The five-year economic plans of 1965-70 and 1971-75 concentrated on raising the level of production in both agriculture and industry and aimed at reducing dependence on oil revenues as the primary source for development. But agriculture lagged far behind target, and industrial development was slow. In the third five-year plan (1976-80), greater emphasis on agricultural production was noticeable, and industrial production slowed.
The nationalization of the oil industry was considered by the Ba'th leaders to be their greatest achievement. Between 1969 and 1972 several agreements with foreign powers--the Soviet Union and others--were concluded to provide the Iraq National Oil Company (INOC) with the capital and technical skills to exploit the oil fields. In 1972 the operation of the North Rumaylah field, rich in oil, started, and an Iraqi Oil Tankers Company was established to deliver oil to several foreign countries. Also in 1972 the Iraq Petroleum Company (IPC) was nationalized (with compensation), and a national company, the Iraqi Company for Oil Operations, was established to operate the fields. In 1973, when the fourth Arab-Israeli War broke out, Iraq nationalized U.S. and Dutch companies, and in 1975 it nationalized the remaining foreign interests in the Basra Petroleum Company.

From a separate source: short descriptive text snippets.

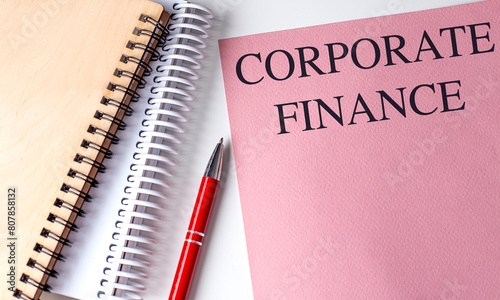 CORPORATE FINANCE text on pink paper with notebooks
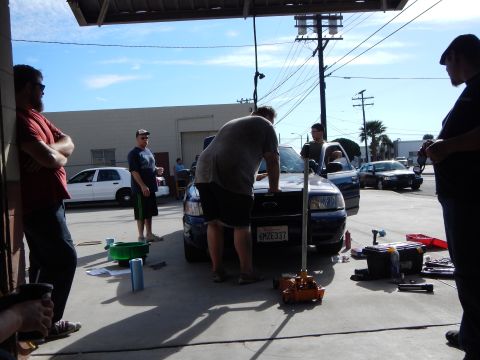 2003 Ford Crown Victoria - Several men gather around a dark blue Ford sedan with a push bar being worked on outside a shop, tools on the ground.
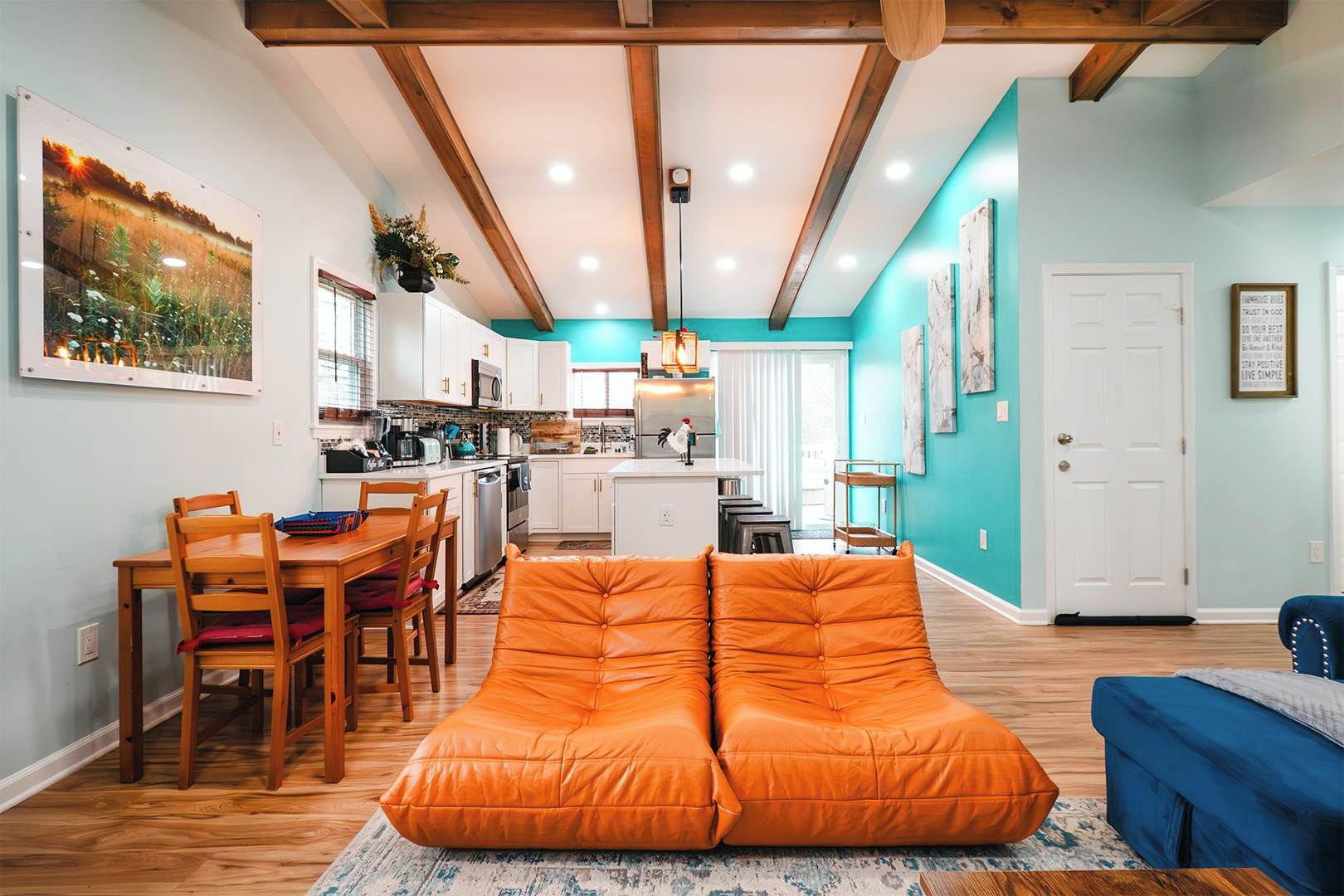 Een moderne keuken met witte kastjes, een eethoek met houten stoelen en een vrolijke teal accentmuur.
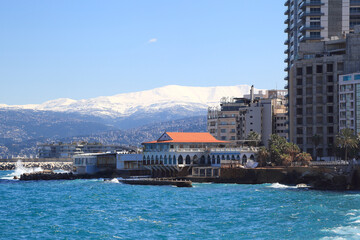 Naklejka premium Beirut skyline with snow covered Mt Sannine in the background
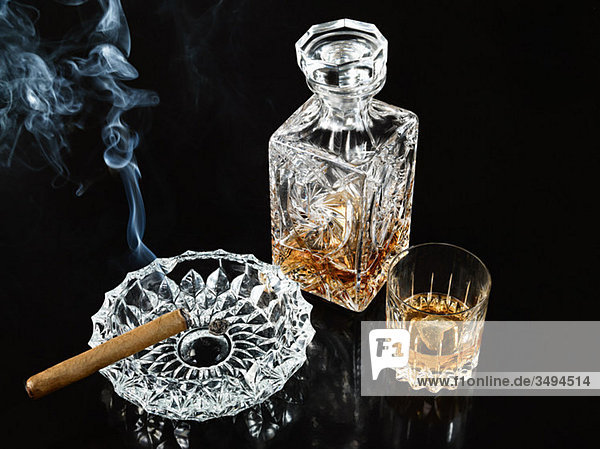 Zigarre im Aschenbecher mit Karaffe und Whiskybecher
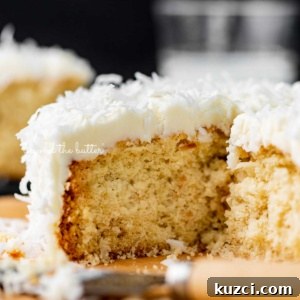 Moist Single Layer Coconut Cake Recipe 11 Sliced single layer coconut cake with black background.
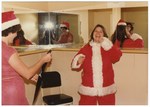 Putting On The Santa Suit by Blue Cross and Blue Shield of Florida, Inc.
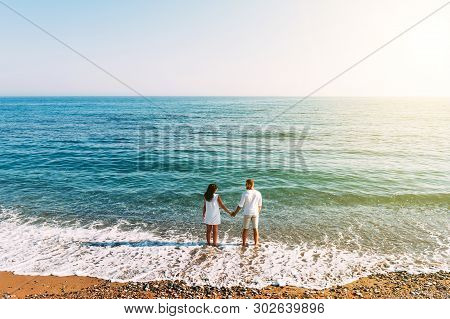 Happy Couple On The Beach With Their Backs To The Camera. Honeymoon Trip. The Couple Are Traveling. 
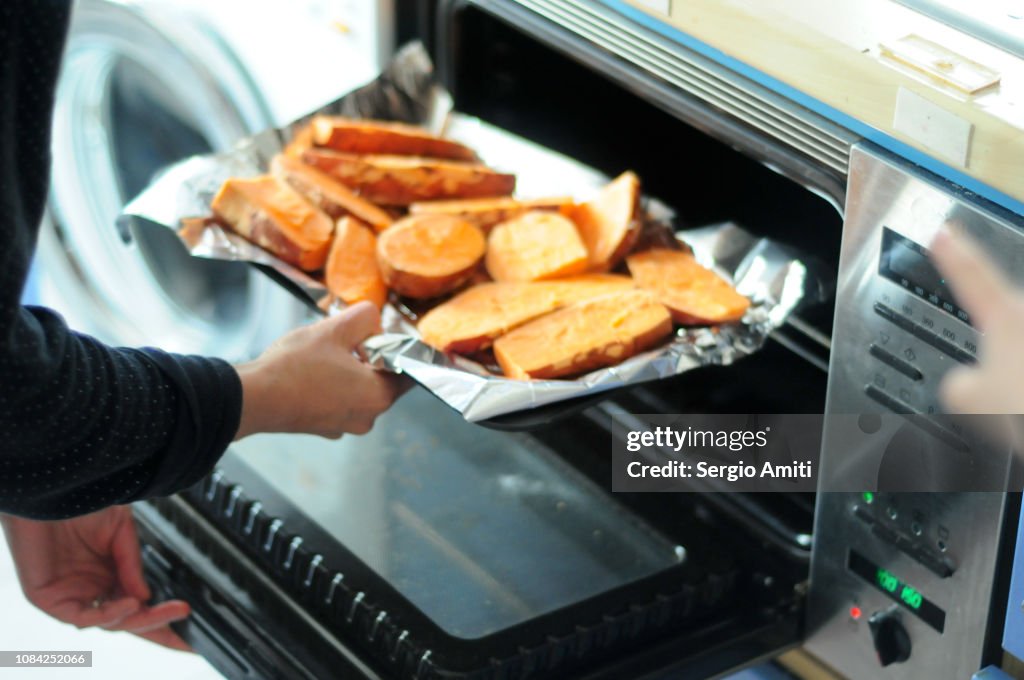 Putting a tray of sweet potatoes in the oven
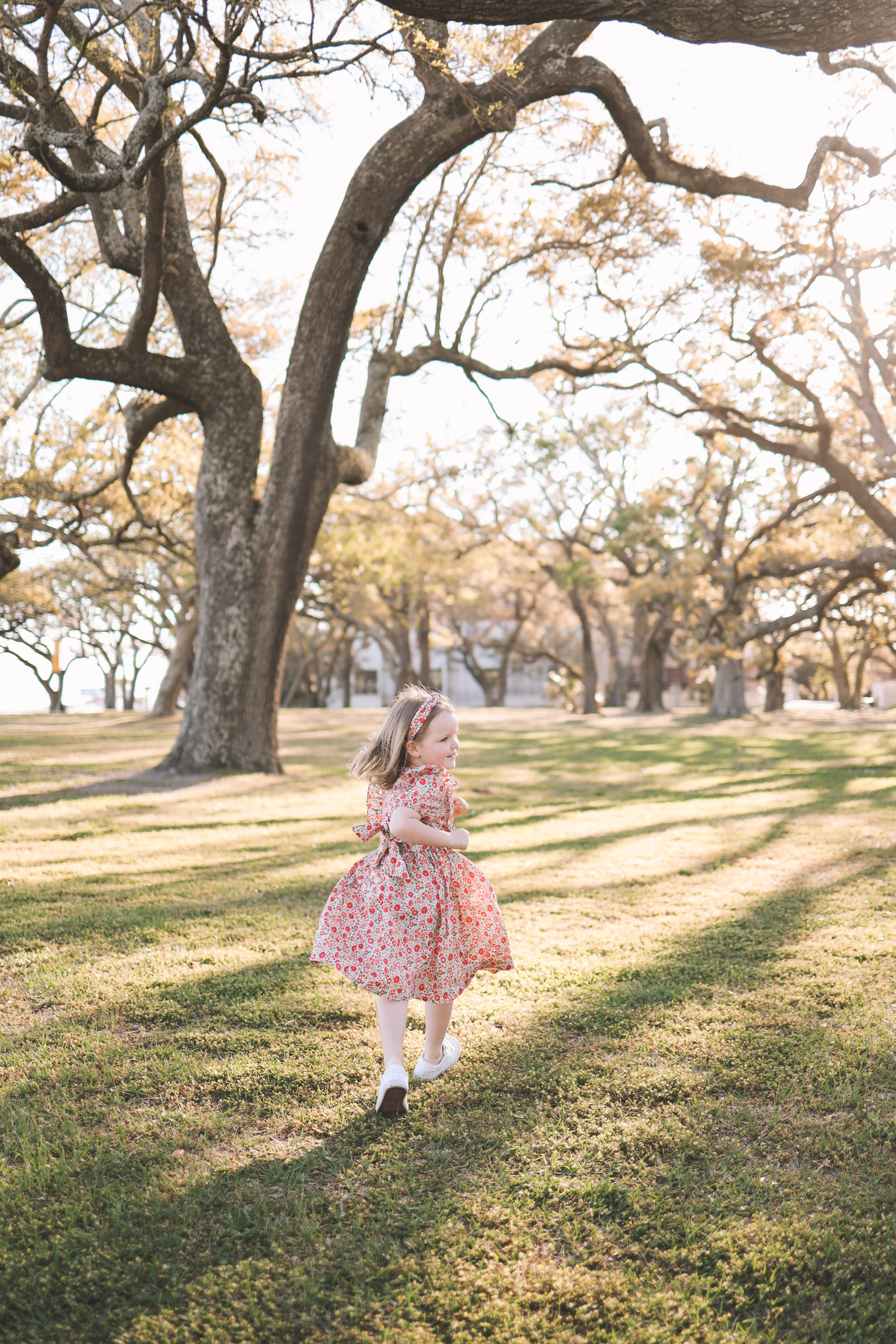 child running around under oak trees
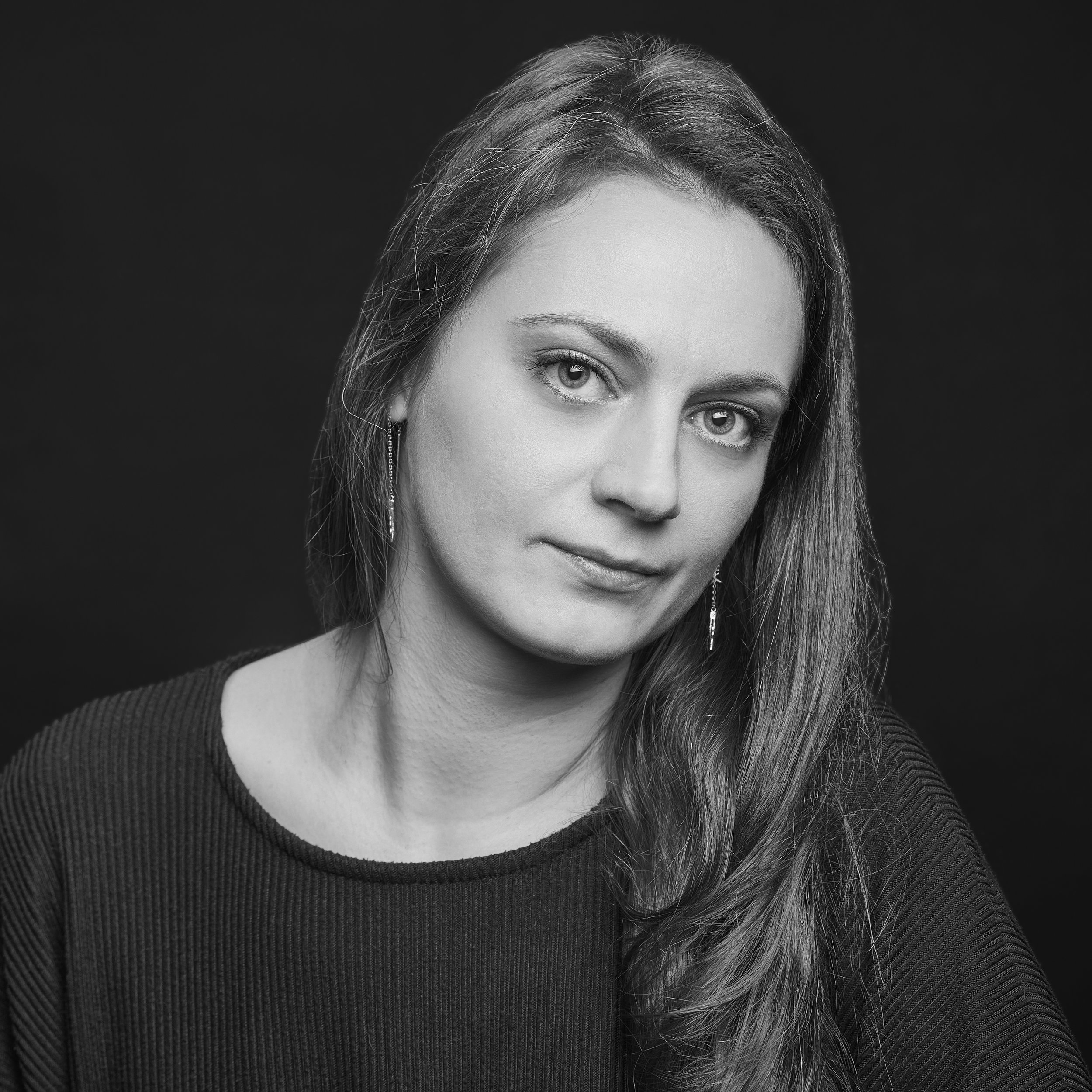 Un portrait en noir et blanc d'une femme avec cheveux longs, portant un pull côtelé, regardant vers l'objectif, fond sombre.
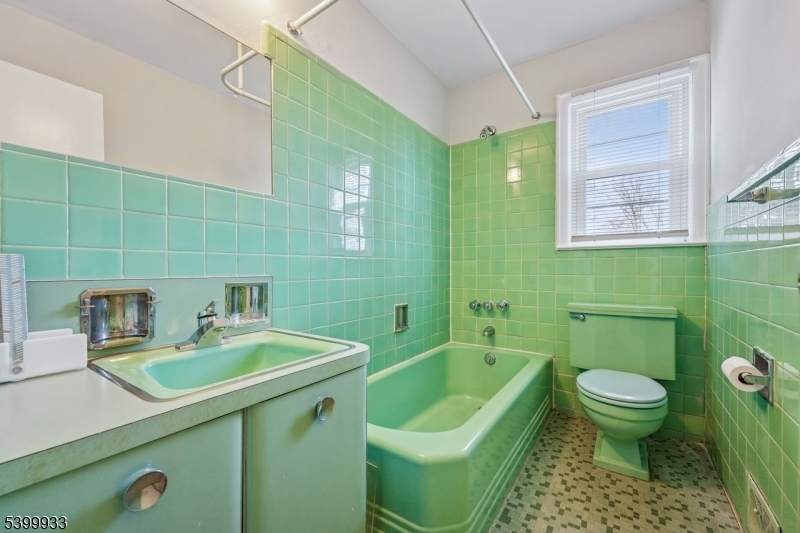 35 South Derby Road Springfield, NJ 07081 - Photo 24 of 30 a bathroom with a sink a toilet and bathtub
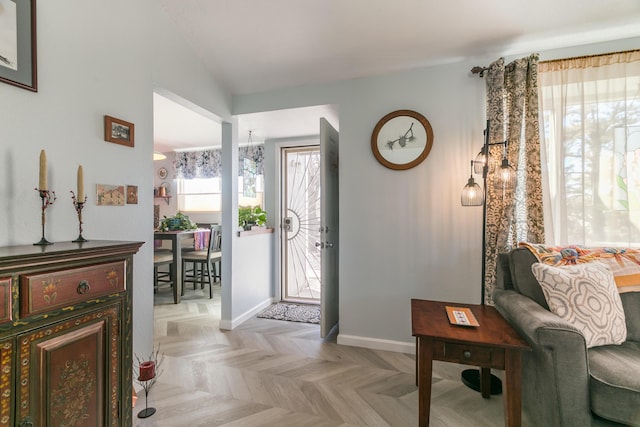 foyer featuring lofted ceiling and baseboards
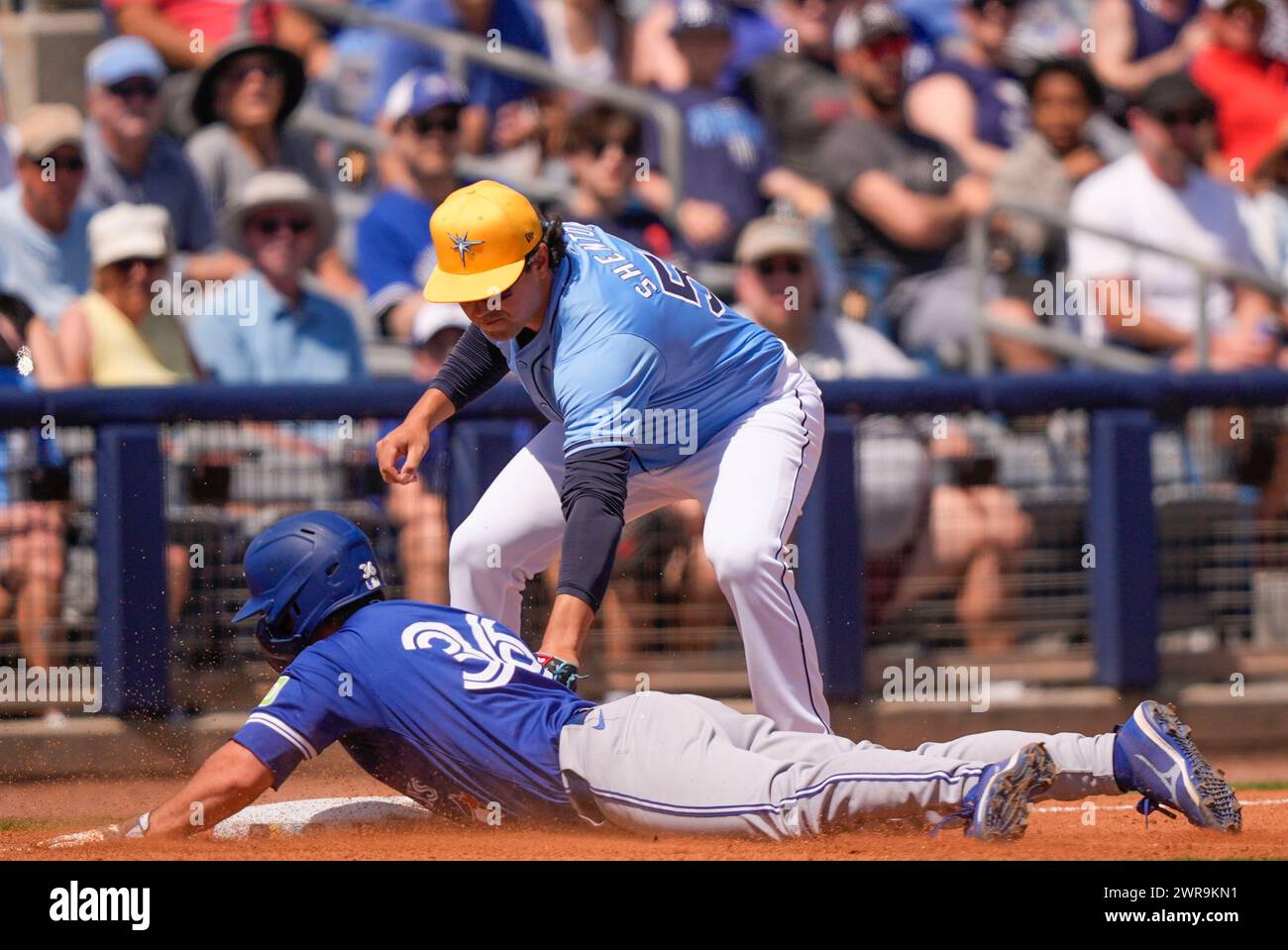 Toronto Blue Jays Davis Schneider (36) reaches third base on a fly out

The initial step in agrarian reform had been taken with the Agrarian Reform Law of 1958, which provided for the distribution to peasants of lands in excess of a certain maximum ownership. A decade later, less than half of the land had been distributed. In 1969 a revised Agrarian Reform Law relieved the peasants from payments for their land by abolishing compensation to landowners, and a year later a new Agrarian Reform Law was designed to improve the conditions of the peasantry, increase agricultural production, and correlate development in rural and urban areas. The results were disappointing, however, because of the difficulty of persuading the peasants to stay on their farms and their inability to improve the quality of agricultural production.
The Ba'th regime also completed work on irrigation projects that had already been under way and began new projects in areas where water was likely to be scarce in the summer. In the five-year plan of 1976-80, funds were allocated to complete dams on the Euphrates, Tigris, Diyala, and Upper Zab rivers and the lake known as al-Tharthar (in northern Iraq). Recognizing that a rapid transition to full socialism was neither possible nor in the country's best interest, the Ba'th provided for a private, though relatively small, sector for private investors, and a third, mixed sector was created in which private and public enterprises could cooperate.